If you cannot even prove that you are not a butterfly dreaming that you’re trying to prove yourself to be human, you certainly cannot prove that “individuals engage in conscious actions toward chosen goals.” This inability to be certain about reality is what gender ideologues advert to when they say doctors cannot know for sure what sex people are at birth so they just guess. All doctors can do is make their best guess as to what sex the baby probably is, but that can change over time because sex is a “spectrum.” After all, any child might wake up tomorrow and “feel” like a different gender, or so their teachers would have them believe. As explained by a doctor from St. Louis, Missouri, advising teachers to “affirm” a class of fifth-grade girls who all decided they were actually boys, “The best we can do is affirm, validate and allow for exploration.”

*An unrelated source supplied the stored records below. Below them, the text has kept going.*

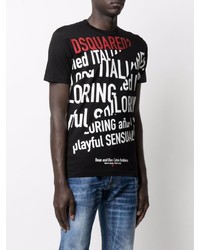 T-shirt à col rond imprimé noir DSQUARED2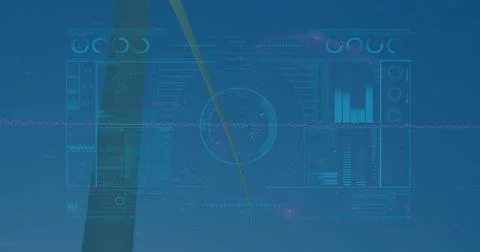 Displaying HUD panel hovering over deep space, showing central reticle, data Stock Illustration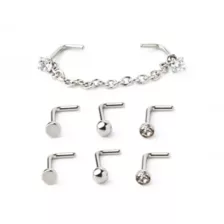 Multi-Pack Silver-Tone Chain and L-Bend Nose Rings 4 Pair at Spencer's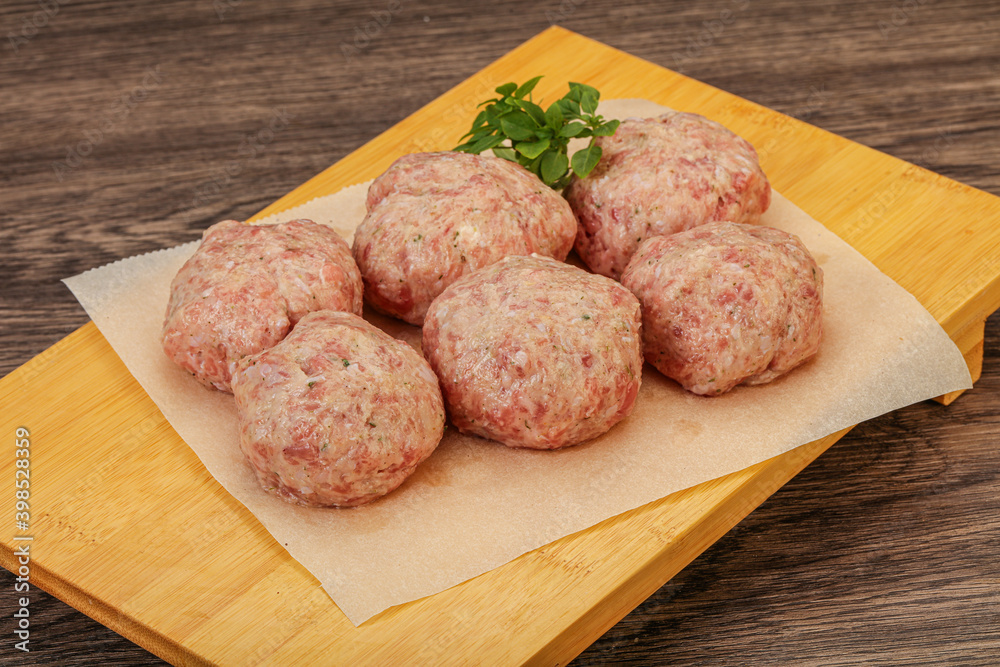 Raw turkey meatball for cooking Raw turkey meatball for cooking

In addition to truth being unknowable, a related criticism of praxeology is that it is unwise to derive universal principles through human reason because human beings are not always reasonable. In making choices, human beings are prone to irrationality, and our decisions are often influenced by our emotions or personal idiosyncrasies. Perceptions of reality are often mistaken; therefore, nobody can know for sure, beyond any doubt, what is real.

Rothbard acknowledges that we are all prone to error, we often wrongly perceive reality, and we do not always choose to follow the dictates of reason. Nevertheless, he argues that we must acknowledge that it is only through reason and rationality that we are able to live: “It is not, of course, that Mises believes that men will always listen to reason, or follow its dictates; it is simply that, insofar as men act at all, they are capable of following reason, and that pursuing such a course is literally the last best hope for mankind.” Rothbard’s point is that it is only through reason that we can forge a path through life:

Man is born with no innate knowledge of what ends to choose or how to use which means to attain them. Having no inborn knowledge of how to survive and prosper, he must learn what ends and means to adopt, and he is liable to make errors along the way. But only his reasoning mind can show him his goals and how to attain them.

Ultimately, the reason why Zhuang Zhou must accept the evidence of his own eyes and take it to be absolutely true that he is a man and not a butterfly is that it is not possible for a sane person persistently to evade reality. As Rothbard observes in “Praxeology: The Methodology of Austrian Economics”:

Of course, a person may say that he denies the existence of self-evident principles or other established truths of the real world, but this mere saying has no epistemological validity. As Toohey pointed out, “A man may say anything he pleases, but he cannot think or do anything he pleases. He may say he saw a round square, but he cannot think he saw a round square. He may say, if he likes, that he saw a horse riding astride its own back, but we shall know what to think of him if he says it.”